この「丸投げ」という言葉を受けて、丸投げすることの難しさをおもう。
そして私にはまだ、「自分を丸投げする」ことができない、ことに気づく。



たとえばコミュニケーションへの抵抗がそれだ。人と関わり、話し笑い通じ、触れあうことに対してあこがれてきたのに、そのことがこわい。こわい、人との関わりのなかで自分がどうなってしまうのか、誤解されるのか否定されるのか拒絶されるのかわからず、こわい。「自分を丸投げする」ことができない。誤解されるのがイヤで、否定されるのがイヤで、拒絶されるのがイヤ。なんもかもがイヤ、イヤ、イヤ。そんな自分は、「ちいさな自分」にこだわって「ちいさなプライド」を捨てきれない、そんな程度の人間だ、とおもう、そしておもい出す。いつか前に、まったく同じようなことを考えたときのあったことを。



二年前の夏、福島に文学の学校を訪れた時、吉増さんに話しかけた。大学を訊かれたので答えると、彼は遠い大学の先輩なので「頑張れ後輩!」という力強い言葉と共にアドバイスをいただいた。
「触れてみるといい、いろんなものに」。たくさん遊ぶといい、クラブにも行くといい、触れてみるといい。「そうだ吉本隆明さんは何にでも触れる人だったなあ」と。

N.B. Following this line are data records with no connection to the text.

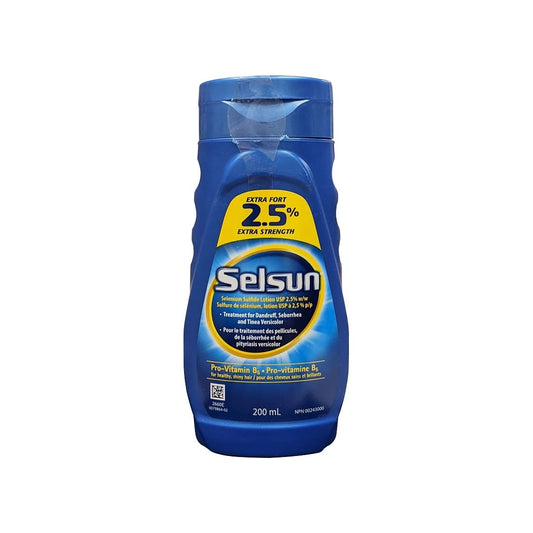 Product label for Selsun Blue Extra Strength 2.5% Selenium Sulfide Lotion (200 mL)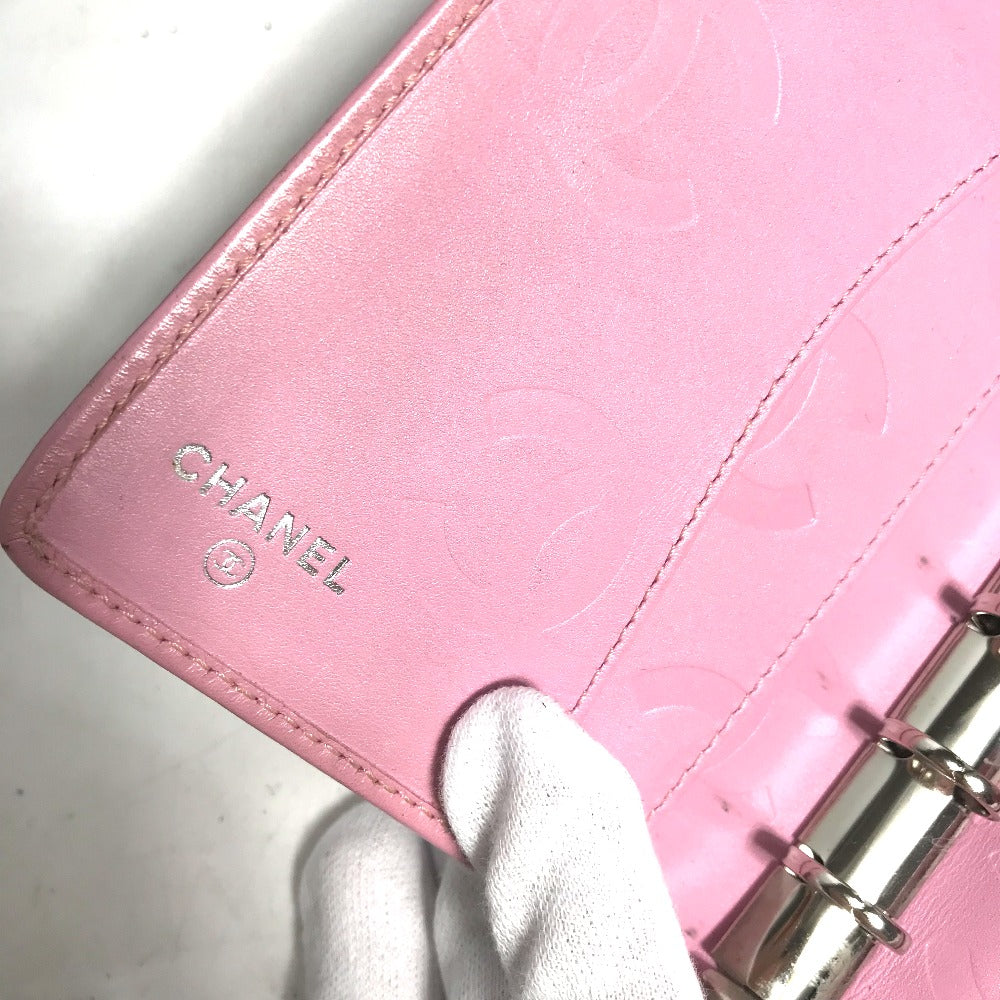 CHANEL Notebook cover A26727 leather pink Cambon Line Bicolor CC COCO Mark Quilting Women Used Authentic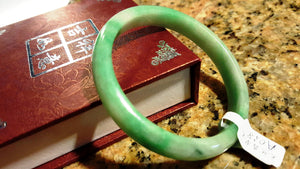 10% OFF- 55/56/57 mm Certified Natural Jadeite Emerald Jade Bangle《Grade A》A038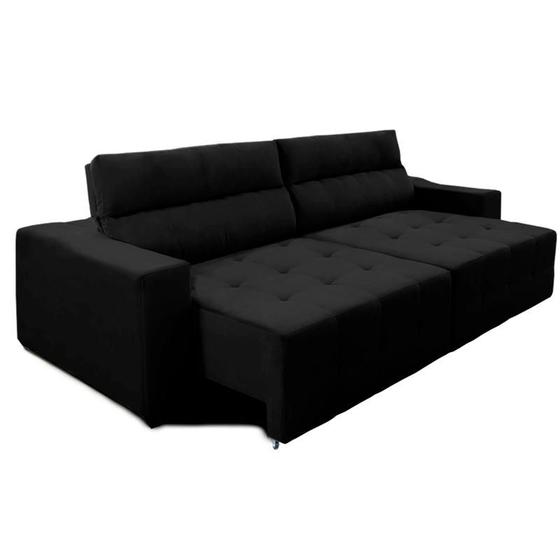 Imagem de Sofá Top Lubeck 3 Lugares 250 cm Retrátil e Reclinável Suede Preto  Sofá na Web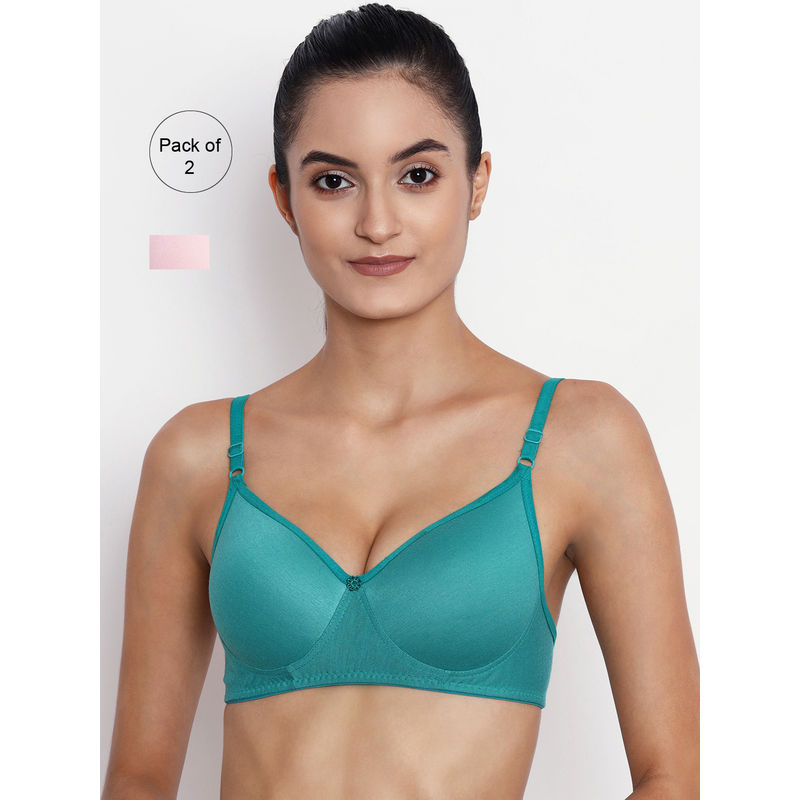 Abelino Pack Of 2 Non-wired Lightly Padded T-shirt Bras. - Multi-Color (38B)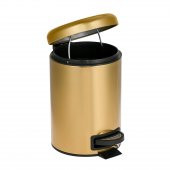 ELİT İKİLİ BANYO SETİ - GOLD ( 3LT ÇÖP KOVASI + TUVALET FIRÇASI ) - 3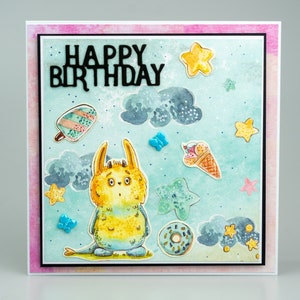 Kindergeburtstagskarten, Mädchen Geburtstagskarte, Lustige Lila Monster Happy Birthday Karte, Unikat Blanko Innen handgemachte Bd Karte für ein Mädchen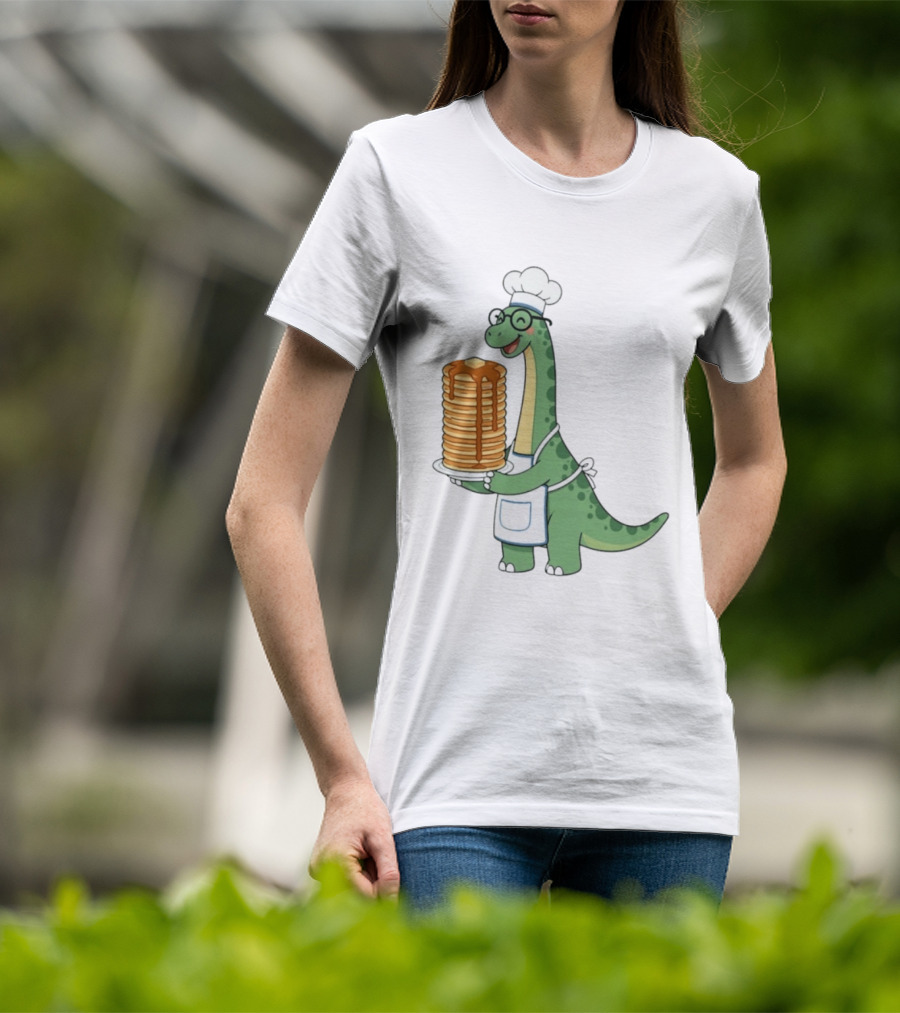 Chef Dinosaur With Towering Pancakes And A Smile T-Shirt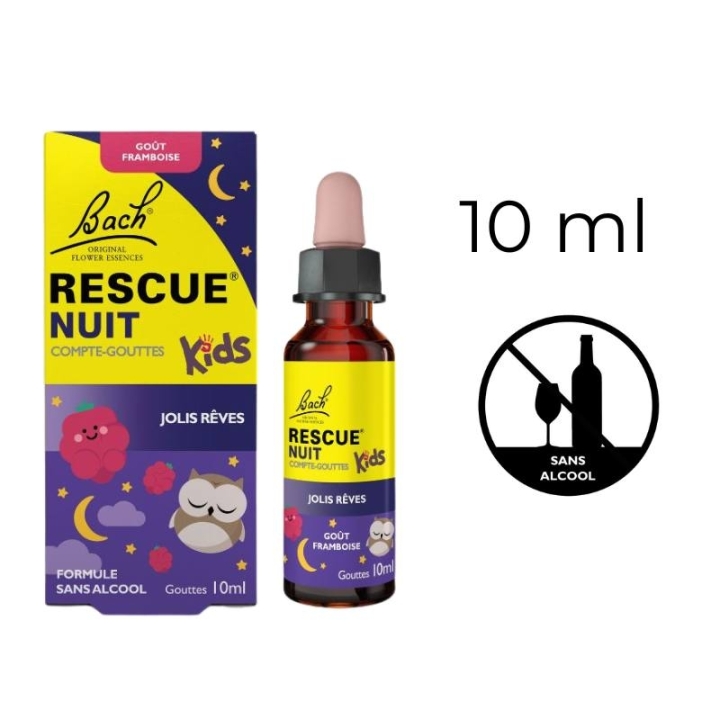 Rescue Kids sans alcool Nuit Framboise 10 ml Bach Original Bach Original Nelsons 1 - mesfleursdebach.com 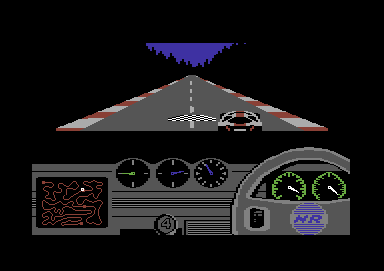 Night Racer (Commodore 64) screenshot: Reached the first checkpoint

……私はしかし、触れることがこわい、今でもこわい。

触れること、触れにいくこと、の難しさ、抵抗、こわさ

を感じることはつねにある。
自分と他者、自分と世界のあいだに境界をつくり、ちいさな自分を守ろうとする。外の世界と内の世界を隔てさせる。そうして勝手に自分で作りだした境界を自分で越えられなくなる。こわくなって、その境界を踏みだせなくなる。ちいさな自分の世界に閉じこもる。

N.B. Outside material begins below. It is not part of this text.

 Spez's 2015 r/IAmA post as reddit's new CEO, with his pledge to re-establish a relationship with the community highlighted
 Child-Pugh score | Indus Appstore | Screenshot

二年前の吉増さんのアドバイスの後、私には就職活動やら福沢諭吉記念文明塾やら、外に向かって触れること、触れにいくこと、への挑戦の機会が数多くあった。結果改めて「ちいさな自分」を認識した。そしてこのちいさな自分をころしたいとおもった。消え去れと願った。ちいさな自分を消滅させるための手段をずっと考えていた。

そのときに言われた。そのとき近くにいたKに言われた。

「ちいさな自分も、君自身だよ。ころすだなんて言わないで。ちいさな君が泣いている、おまえはいらないなんて言われて、ふるえておびえて泣いている。受けいれて、ちいさな自分を受けいれて」……たしか一年半くらい前だった。

繰り返している。また同じ悩みを悩み、ふたたびの苦しみを苦しみ、考えている。同じことを繰り返している。今でも「ちいさな自分」が自分を主張していて、「自分を丸投げする」ことができない。
そのことに以前から気づけていた、ことに改めて気づいた。もう「ちいさな自分」の責任ではない。私自身の問題だ。

触れること、触れにいくこと、の難しさ、抵抗、こわさ

を感じることは決して悪いことではないと、
逆に考えてみた。そのことそのものが価値かもしれないと。いま書きながら考えた。そしたらこれが「ちいさな自分」に本当にきちんと向きあうということなんだと、判った。ころさず無視せず逃げ出さず、こわさを感じる「ちいさな自分」を受けいれること。その価値に気づくこと。



もうずっと尾崎豊が好きなのだが、ちょうど昨日YouTubeで尾崎の昔の映像を見た。『太陽の破片』をテレビで歌ったときの映像で、この歌が大好きな私は熱心にこの映像を見た。尾崎は何か問題を起こした直後だったらしく、ナレーターが「若気の至りというやつでしょう」とコメントするのに謝ってから、舞台に向った。
尾崎は自分を守るように両腕をぐっと、拘束具でもつけられているような格好で、腕を組むと言うにはあまりに違和感の残る、自分を抱きしめるような姿で、話をしていた。舞台に立ってのちマイクの前でだけ彼は全身から自分を丸投げにして、歌に叫びに音楽に、自分の存在を羽ばたかせていた。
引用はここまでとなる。